Velvet Buzzsaw As A Movie
Personally, I found the overall setup of the movie to be brilliant. The setup of the competing art houses. The discovery of Dease’s work. The art critics and the inbred relationships. All brilliant. But when it came time to execute on this vision, it played by the numbers. We discovered murderous art. And the art only kills those that try to profiteer from the stolen work. Everyone dies that profiteered. The end. OK. And even some of the various murders didn’t even logically fit. Like Haze’s tattoo coming to life on her neck, it doesn’t even logically follow with the rules of the movie setup to this point. But regardless, it was a passable ending for a brilliant beginning. Serviceable maybe is what I’d call it. But over all, it was a great film. Great commentary. Great insights. And brilliant art (speaking of which, does anyone know who the artist was they used to create Dease’s work? I literally can’t find anyone talking about the process by which they created his pieces, etc.).

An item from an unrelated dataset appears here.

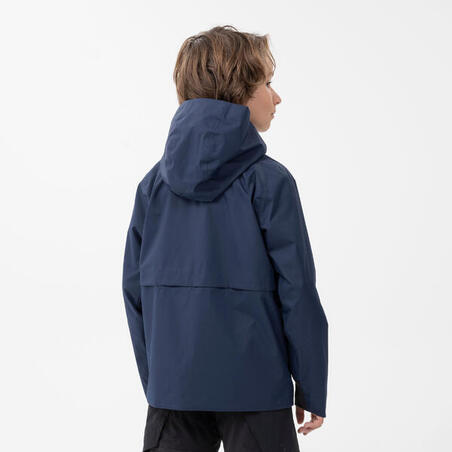 Куртка MH500 водонепроникна для туризму для дітей віком 7-15 років cиня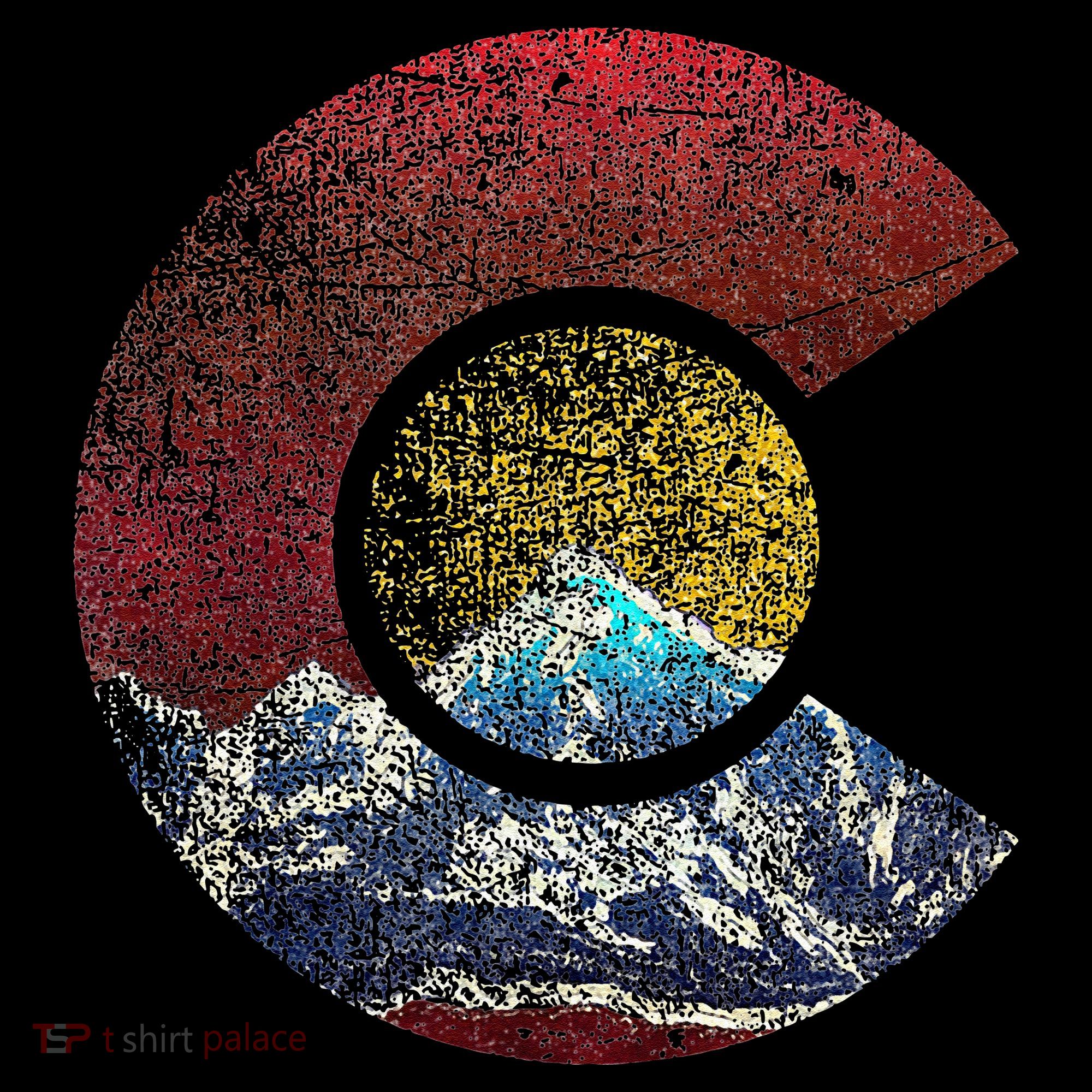 Colorado With Flag Themed Mountain T-Shirt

Velvet Buzzsaw Ending Explained
It should be abundantly clear what this movie is trying to see, but it might be a bit more nuanced than some might think. While the most obvious interpretation is as a polemic against the monetary engine that the art world is, there is more to it than that. We see that the pallor of the skin for the cast is an indictment. We see the few minority artists as bit circus acts, as an indictment. We see that fervor of turkish delight in the lead’s eyes as they watch a piece of lucrative art walk by as indictment, but it is more than money indicting them. It’s the association with esteem, and applause that these characters are chasing after. Sure, they would miss their money if it were gone. But mainly these people are looking to corner the approval of the industry and the people searching for the next big thing. And it is this craze that the movie is speaking out against. At least, that is what I think it is saying anyway. I don’t know, did you enjoy the film? What did you think of it?